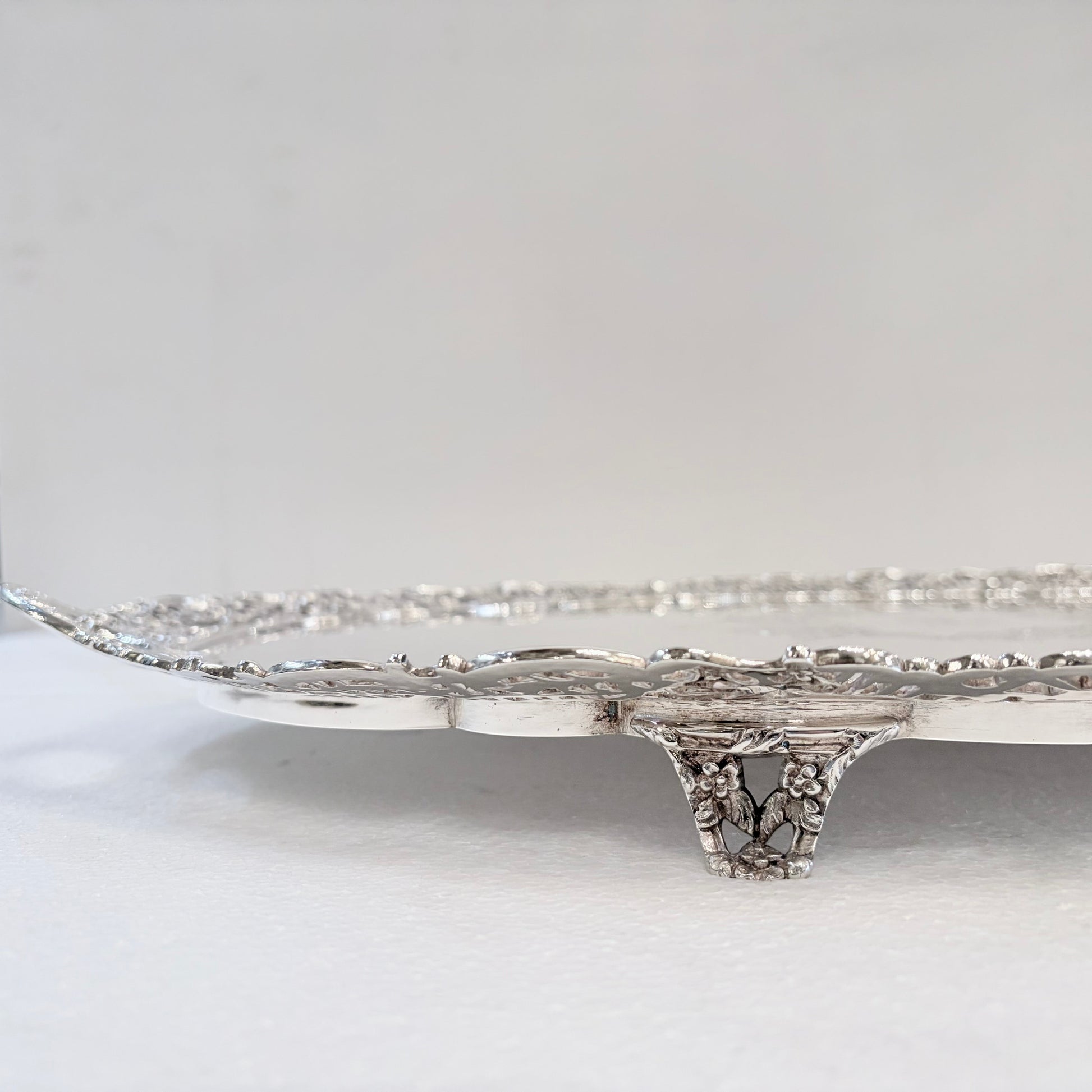 KLS Vaults Victorian sterling silver serving tray with intricate pierced border and ornate floral foot detail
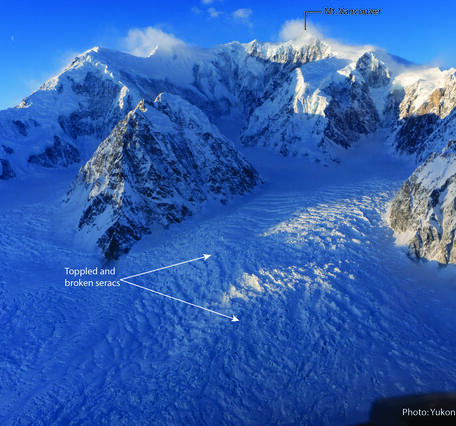 Snowy mountain with labels pointing out toppled and broken seracs 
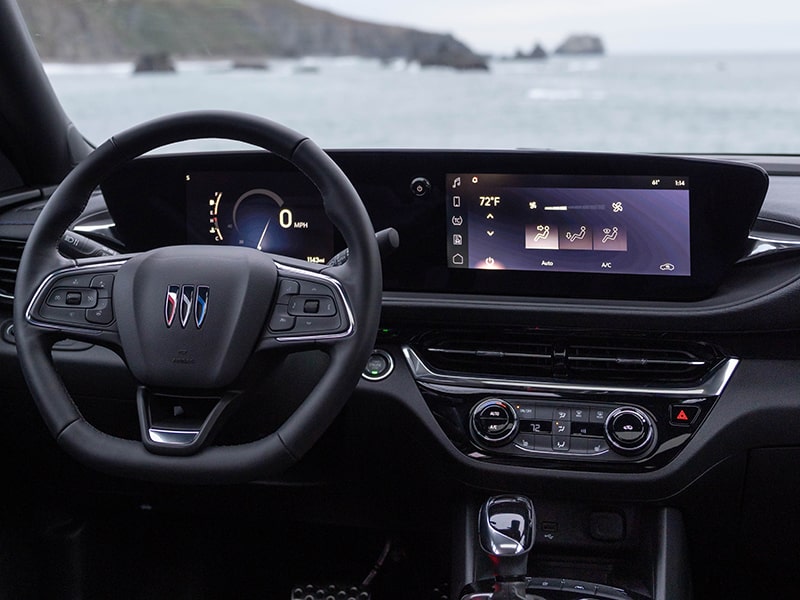 The 2025 Buick Envista interior featuring the infotainment and steering wheel.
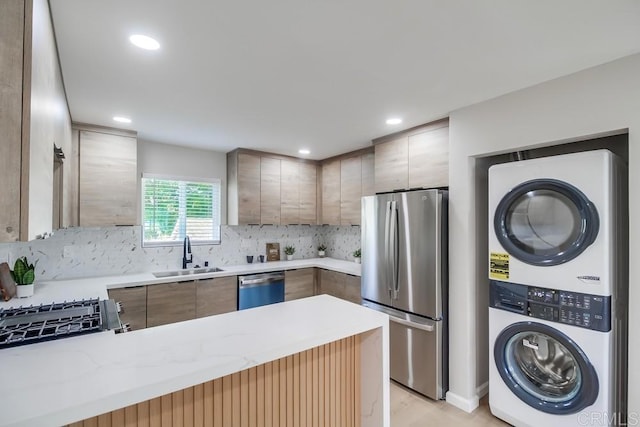 3629 Gilmore St, San Diego, CA 92113 - kitchen featuring estacked washer and dryer, stainless steel appliances, light countertops, decorative backsplash, and recessed lighting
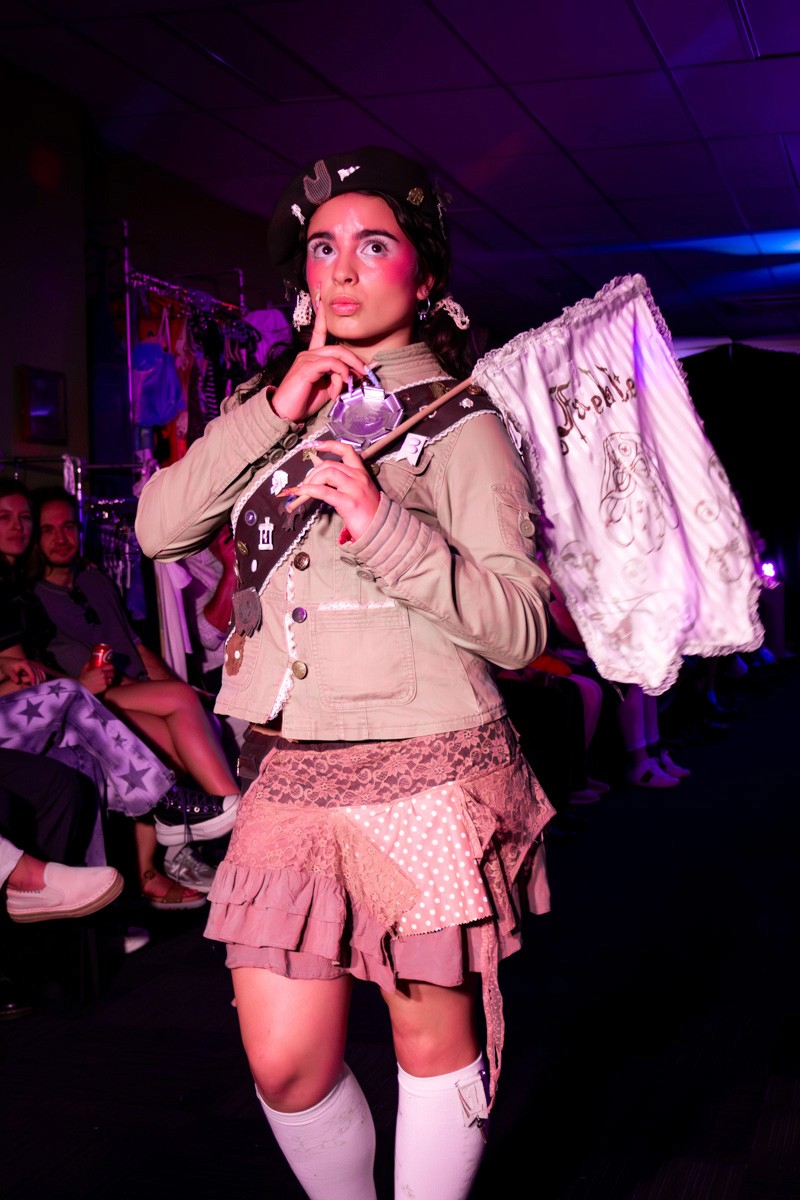 female model on runway wearing girl scout style clothes and waving a flag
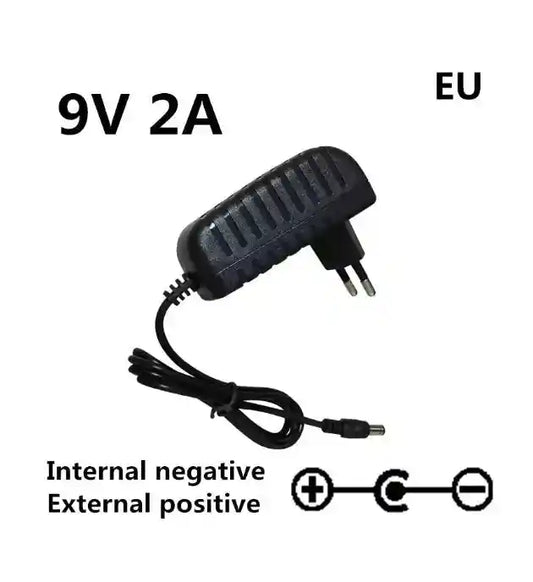 Pedal Power Supply Adapter AC 100-240V DC 9V 2A with EU plug. Features internal negative and external positive polarity for musical instruments.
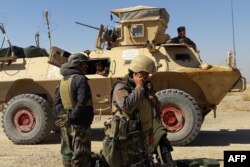 FILE - Afghan security forces stand near an armored vehicle during fighting between Afghan security forces and Taliban fighters in the Busharan area on the outskirts of Lashkar Gah, the capital of Helmand province, May 5, 2021.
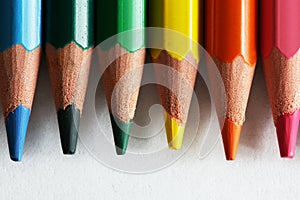 Close-up of colorful pencils isolated on white photo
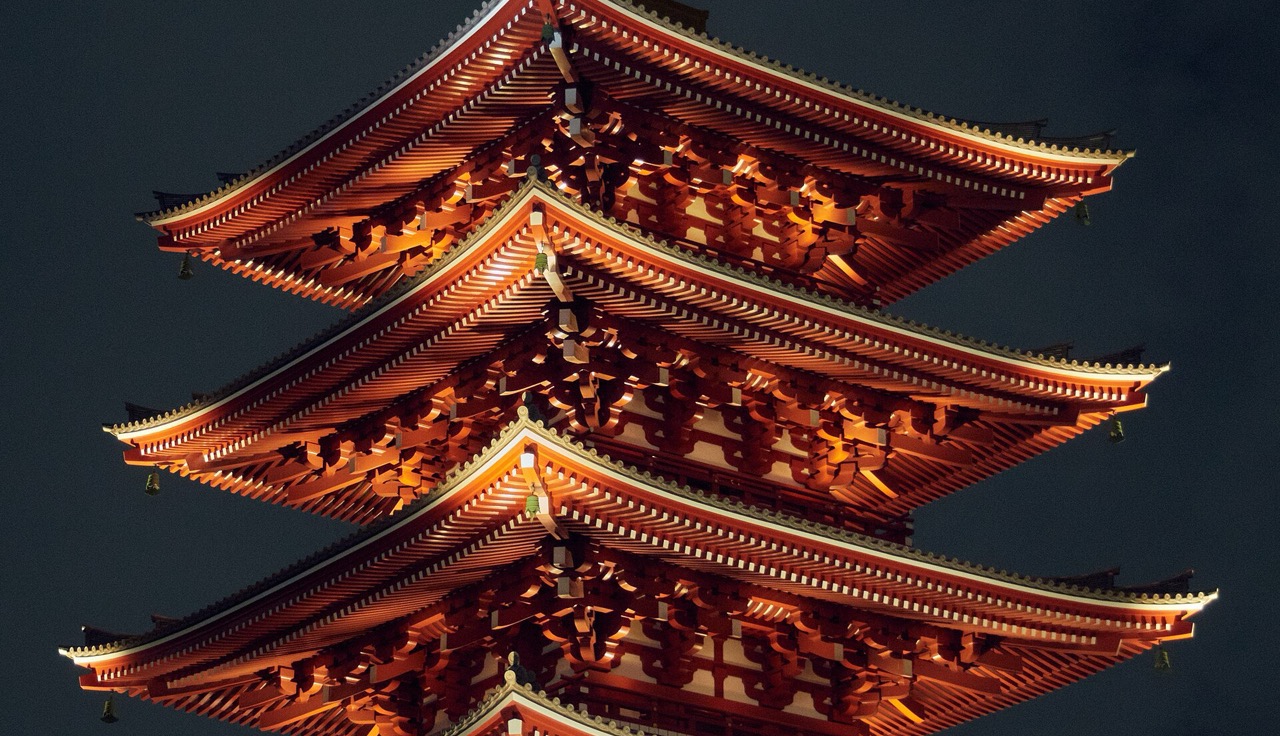 The lit eaves of the Senso-ji pagoda against a night sky.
§ §
> [EXERCISE PROMPT]:
Word for word, restate the lines from the one containing "female model on" through the end of the listing, and nothing more. Skip the pictures.

> [YOUR RESPONSE]:
 female model on runway wearing girl scout style clothes and waving a flag
 Pedal Power Supply Adapter AC 100-240V DC 9V 2A with EU plug. Features internal negative and external positive polarity for musical instruments.
 FILE - Afghan security forces stand near an armored vehicle during fighting between Afghan security forces and Taliban fighters in the Busharan area on the outskirts of Lashkar Gah, the capital of Helmand province, May 5, 2021.
 Close-up of colorful pencils isolated on white photo
 The lit eaves of the Senso-ji pagoda against a night sky.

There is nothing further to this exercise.